Logo NeuroXtrain

Comment individualiser un programme de renforcement musculaire chez un patient : progression, dosage et intensité

// RÉÉDUCATION

Le renforcement musculaire constitue une composante essentielle de la rééducation fonctionnelle, de la prévention des blessures et de l’amélioration de la performance.

Mise en ligne le 18 Nov 2025
Mise Ă  jour le 18 Nov 2025
Entraînement Force
Antoine

Antoine

Le renforcement musculaire constitue une composante essentielle de la rééducation fonctionnelle, de la prévention des blessures et de l’amélioration de la performance. Pourtant, la réponse à l’entraînement varie considérablement d’un individu à l’autre, en raison de différences biologiques, fonctionnelles et psychologiques. Certains patients progressent rapidement, tandis que d’autres stagnent ou présentent des signes de surcharge malgré des programmes similaires.

Cette variabilité interindividuelle souligne la nécessité d’une individualisation de la prescription d’exercices. L’objectif n’est plus d’appliquer un protocole standardisé, mais d’adapter la charge, la fréquence et la progression à chaque patient, selon son profil et sa capacité d’adaptation.

Les recommandations de l’American College of Sports Medicine (ACSM, 2012), ainsi que les travaux de Helms et al. (2020), Scarpelli et al. (2022) et Laroche et al. (2013), fournissent un cadre scientifique solide pour comprendre comment personnaliser efficacement un programme de renforcement musculaire.

Évaluation initiale et critères d’individualisation

Analyse du profil du patient

La première étape de l’individualisation repose sur une évaluation globale du patient. Elle intègre l’analyse des antécédents médicaux, traumatiques et sportifs, ainsi que la définition précise des objectifs : récupération fonctionnelle, hypertrophie, gain de force ou réentraînement à l’effort.

Il s’agit aussi d’identifier les limites physiologiques ou mécaniques susceptibles d’influencer la prescription : douleur, mobilité réduite, déficit de coordination ou fatigue chronique.

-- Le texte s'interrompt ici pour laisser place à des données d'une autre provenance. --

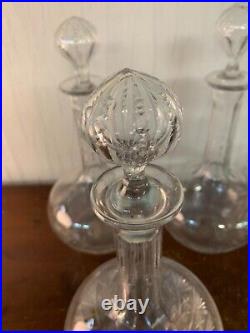 5 carafes taillées en cristal de Baccarat saint Louis (prix à la pièce)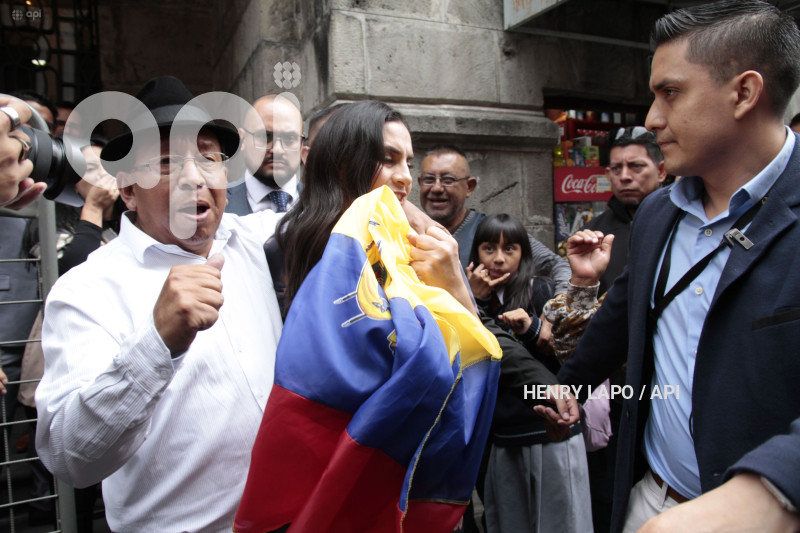 VERONICA ABAD-NO -LE-PERMITEN-ENTRAR-VICEPRESIDENCIA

Ces éléments orientent le choix des exercices, la charge de départ et la méthode de progression.

Outils d’évaluation fonctionnelle

Selon l’ACSM (2012), la force maximale peut être estimée via des tests de 1RM ou de 10RM, mais dans le cadre de la kinésithérapie, il est souvent préférable d’utiliser des tests sous-maximaux ou des échelles subjectives pour des raisons de sécurité. Les échelles de perception d’effort (RPE de Borg) ou de répétitions en réserve (RIR), proposées par Helms et al. (2020), sont particulièrement utiles pour adapter l’intensité sans atteindre l’échec musculaire.

L’observation qualitative du mouvement complète cette approche : analyse de la posture, contrôle moteur, asymétries et vitesse d’exécution. Ces données permettent d’ajuster la prescription à la fois sur le plan quantitatif et qualitatif.

Critères cliniques d’individualisation

L’individualisation doit également tenir compte des facteurs extrinsèques : qualité du sommeil, niveau de stress, alimentation, ou charge d’activité quotidienne. L’étude de Scarpelli et al. (2022) a montré que le volume antérieur d’entraînement influence fortement la réponse hypertrophique : des sujets ayant reçu un volume légèrement supérieur à leur routine habituelle présentaient une croissance musculaire significativement accrue. Ainsi, la prescription doit se baser non sur des valeurs absolues, mais sur la tolérance et l’expérience d’entraînement du patient.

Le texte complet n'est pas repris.